* _Collected data_:
-*-*-

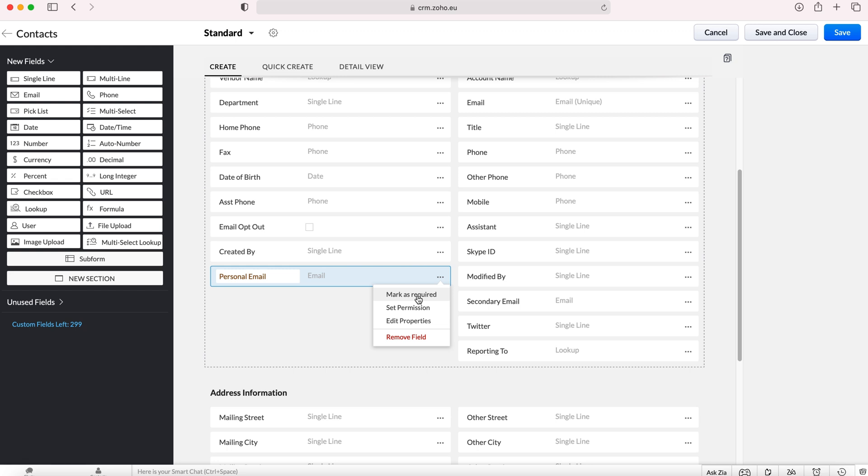So mark as required means that if you set a particular field as mark as required it has to be filled in before that record can be saved. Obviously the important information you would want to ensure that is the fields are marked as required, because otherwise you'd have people creating records that are completely useless and contain no relevant information.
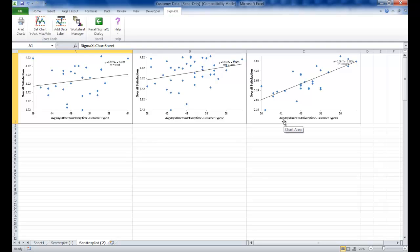We're now going to look at a scatter plot matrix to help investigate other factors that could be influencing customer satisfaction. A tip is to be careful when interpreting scatter plots.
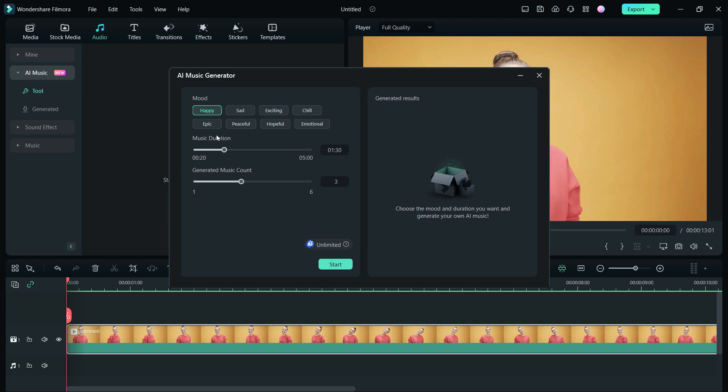The mood can be selected like happy, sad, exciting, chill, epic, peaceful, hopeful and emotional. The music duration can be from 20 seconds up to 5 minutes and you can generate 1 to 6 different AI music for your videos in seconds.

-*-*-

Without any of its pictures, the listing is to be repeated exactly as it stands.

* _Answer section_:
So mark as required means that if you set a particular field as mark as required it has to be filled in before that record can be saved. Obviously the important information you would want to ensure that is the fields are marked as required, because otherwise you'd have people creating records that are completely useless and contain no relevant information.
We're now going to look at a scatter plot matrix to help investigate other factors that could be influencing customer satisfaction. A tip is to be careful when interpreting scatter plots.
The mood can be selected like happy, sad, exciting, chill, epic, peaceful, hopeful and emotional. The music duration can be from 20 seconds up to 5 minutes and you can generate 1 to 6 different AI music for your videos in seconds.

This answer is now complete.